Data excerpts:
..........

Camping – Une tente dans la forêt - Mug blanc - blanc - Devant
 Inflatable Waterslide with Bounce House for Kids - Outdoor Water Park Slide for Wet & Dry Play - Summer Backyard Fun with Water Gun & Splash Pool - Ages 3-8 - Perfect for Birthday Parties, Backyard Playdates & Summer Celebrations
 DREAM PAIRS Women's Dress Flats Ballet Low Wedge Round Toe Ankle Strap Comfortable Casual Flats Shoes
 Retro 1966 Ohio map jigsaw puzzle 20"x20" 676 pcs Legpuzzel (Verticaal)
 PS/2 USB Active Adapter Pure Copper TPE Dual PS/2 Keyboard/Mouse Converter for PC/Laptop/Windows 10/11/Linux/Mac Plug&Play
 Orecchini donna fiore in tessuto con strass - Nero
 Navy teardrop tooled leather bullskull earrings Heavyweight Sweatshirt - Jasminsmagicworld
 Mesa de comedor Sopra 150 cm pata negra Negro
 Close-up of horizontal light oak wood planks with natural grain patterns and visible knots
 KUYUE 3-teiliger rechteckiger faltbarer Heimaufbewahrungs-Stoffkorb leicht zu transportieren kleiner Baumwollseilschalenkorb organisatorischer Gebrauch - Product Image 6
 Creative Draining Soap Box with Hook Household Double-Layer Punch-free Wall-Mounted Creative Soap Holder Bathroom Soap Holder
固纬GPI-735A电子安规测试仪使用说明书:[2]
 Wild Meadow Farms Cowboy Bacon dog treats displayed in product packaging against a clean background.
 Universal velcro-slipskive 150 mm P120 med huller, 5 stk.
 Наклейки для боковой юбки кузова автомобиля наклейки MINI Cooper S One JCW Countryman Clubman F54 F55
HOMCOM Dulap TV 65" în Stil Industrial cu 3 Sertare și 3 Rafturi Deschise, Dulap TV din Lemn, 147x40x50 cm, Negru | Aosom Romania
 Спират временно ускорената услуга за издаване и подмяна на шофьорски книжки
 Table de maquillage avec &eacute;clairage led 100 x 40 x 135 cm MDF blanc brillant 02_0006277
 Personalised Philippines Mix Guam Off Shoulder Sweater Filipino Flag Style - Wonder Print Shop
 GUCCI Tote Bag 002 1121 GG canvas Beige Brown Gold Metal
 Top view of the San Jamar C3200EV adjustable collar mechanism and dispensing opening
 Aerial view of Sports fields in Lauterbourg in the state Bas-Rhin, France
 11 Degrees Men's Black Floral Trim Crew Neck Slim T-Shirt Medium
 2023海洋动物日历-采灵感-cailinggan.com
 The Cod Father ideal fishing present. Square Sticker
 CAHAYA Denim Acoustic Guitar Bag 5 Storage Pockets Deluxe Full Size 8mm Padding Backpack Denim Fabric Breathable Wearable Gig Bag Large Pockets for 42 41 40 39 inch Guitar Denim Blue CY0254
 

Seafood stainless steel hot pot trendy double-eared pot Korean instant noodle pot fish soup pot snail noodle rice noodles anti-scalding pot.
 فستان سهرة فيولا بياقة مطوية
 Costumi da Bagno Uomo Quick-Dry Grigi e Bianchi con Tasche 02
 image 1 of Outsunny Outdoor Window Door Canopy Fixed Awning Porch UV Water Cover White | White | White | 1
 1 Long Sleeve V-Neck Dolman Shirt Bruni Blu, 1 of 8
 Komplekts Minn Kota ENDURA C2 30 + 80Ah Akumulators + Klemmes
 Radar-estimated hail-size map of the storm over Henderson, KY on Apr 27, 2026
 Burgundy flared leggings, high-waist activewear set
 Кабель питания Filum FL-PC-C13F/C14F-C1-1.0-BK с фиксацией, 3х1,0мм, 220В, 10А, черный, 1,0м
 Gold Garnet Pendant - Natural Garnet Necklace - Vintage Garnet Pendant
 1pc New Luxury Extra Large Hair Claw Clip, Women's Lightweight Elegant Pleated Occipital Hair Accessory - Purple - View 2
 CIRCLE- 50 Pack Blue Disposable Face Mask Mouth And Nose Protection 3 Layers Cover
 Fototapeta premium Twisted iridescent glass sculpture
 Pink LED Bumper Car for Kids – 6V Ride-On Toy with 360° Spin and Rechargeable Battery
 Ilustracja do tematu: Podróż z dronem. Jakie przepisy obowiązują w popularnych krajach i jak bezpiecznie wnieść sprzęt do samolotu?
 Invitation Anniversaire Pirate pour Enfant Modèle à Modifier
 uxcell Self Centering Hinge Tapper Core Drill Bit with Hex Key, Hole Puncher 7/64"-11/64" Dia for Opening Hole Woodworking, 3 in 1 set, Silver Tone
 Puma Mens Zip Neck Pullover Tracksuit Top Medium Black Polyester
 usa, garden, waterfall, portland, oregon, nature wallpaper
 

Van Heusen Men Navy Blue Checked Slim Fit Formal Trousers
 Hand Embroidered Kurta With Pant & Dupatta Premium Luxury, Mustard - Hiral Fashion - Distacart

..........

Exercise details:
Across all the entries, count the lines that contain "Kids", and state nothing but the total.

Exercise response:
2